Dalam buku keduanya ini Ami>n tidak menjadiakan al-Quran dan shariah
sebagai dasar argumennya lagi melainkan ilmu-ilmu pengetahuan dan pemikiran
sosial dari pemikiran Barat Modern, dan nama pemikir terkemuka, Herbert
Spencer, muncul lebih dari sekali.
Standar penilaian sekarang adalah konsep-konsep besar abad ke-19 M:
kebebasan, kemajuan, dan peradaban. Kebebasan artinya kemerdekaan manusia dalam
berpikir, berkehendak, bertindak, sepanjang ia masih dalam batasan-batasan
hukum dan menghormati moralitas, dan ia tidak tunduk di luar batas-batas itu
pada kehendak orang lain. Inilah landasan dan kriteria dari semua bentuk
kebebasan lainnya. Bilamana perempuan bebas, warga negara pun menjadi bebas;
dan argumen-argumen yang digunakan untuk melawan kebebasan perempuan, sama
persis dengan yang digunakan untuk melawan kebebasan manapun –sebagai contoh,
kebebasan pers.

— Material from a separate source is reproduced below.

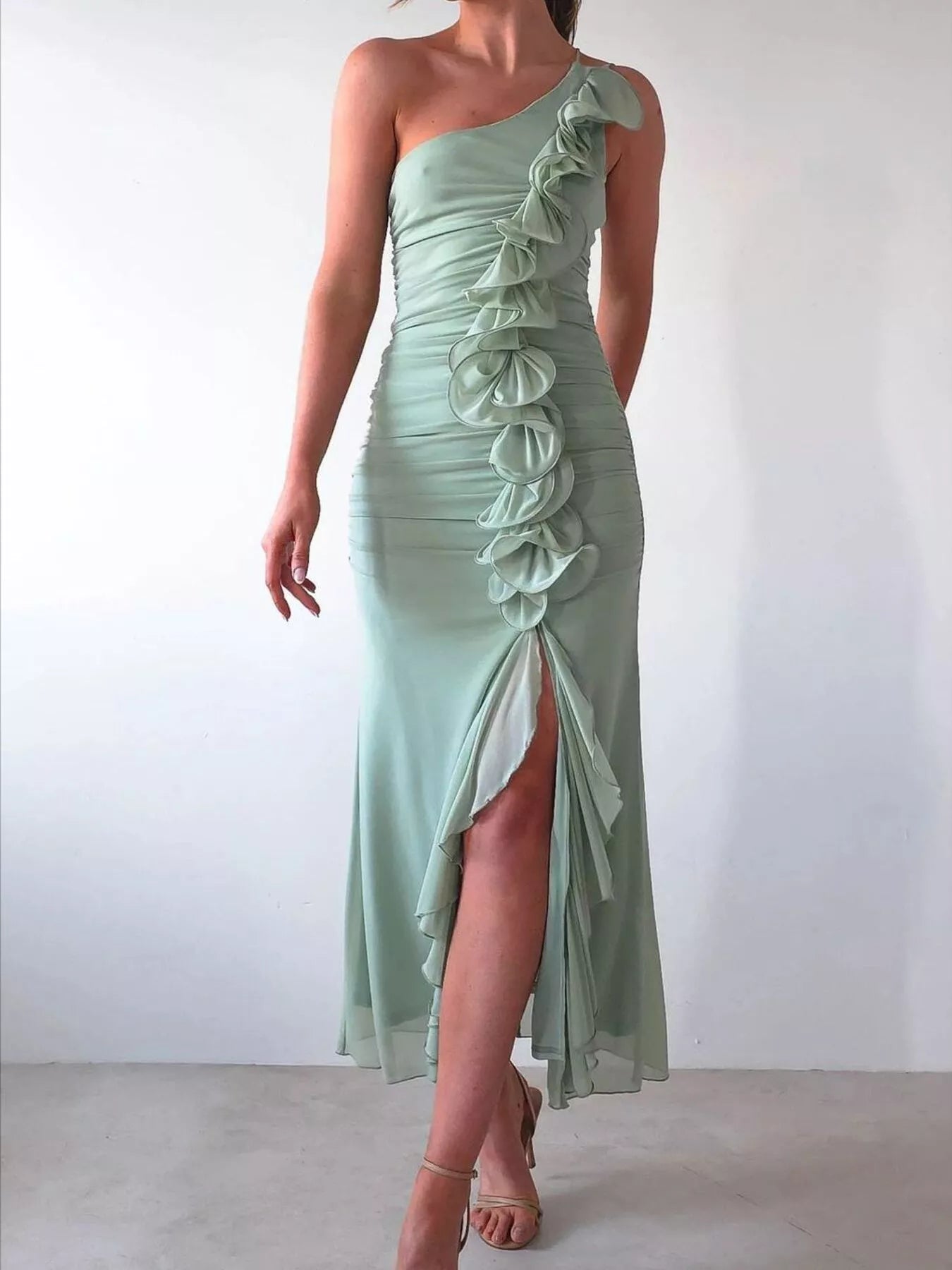 Mesh Ruffle Slit Dress One-Shoulder Ruffle Slit Dress – MUSETOPIA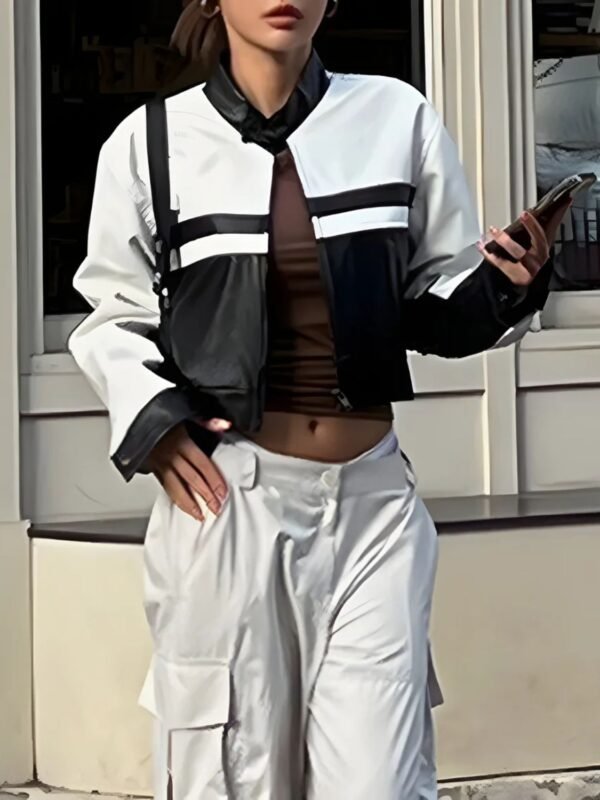 Moto Racing Cropped Style Leather Jacket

Ketika masyarakat manusia mengalami kemajuan, demikian pula
halnya dengan hak-hak kaum perempuan.[16] Terdapat empat pokok
dalam proses ini:
a.
Keadaan dunia ketika perempuan bebas;
b.
Periode pembentukan keluarga, ketika perempuan benar-benar ditundukkan;
c.
Pembentukan masyarakat sipil, ketika sejumlah haknya diakui tetapi ia tidak
diperbolehkan melaksanakan hak-hak itu oleh tirani laki-laki;
d.
Periode peradaban yang sejati, ketika perempuan memperoleh seluruh haknya
dan dengan sendirinya memiliki kedudukan yang sama sebagaimana laki-laki.
Negara-negara Timur berada
pada tahap ketiga, sedangkan negara-negara Eropa berdapa pada tahap keempat:[17]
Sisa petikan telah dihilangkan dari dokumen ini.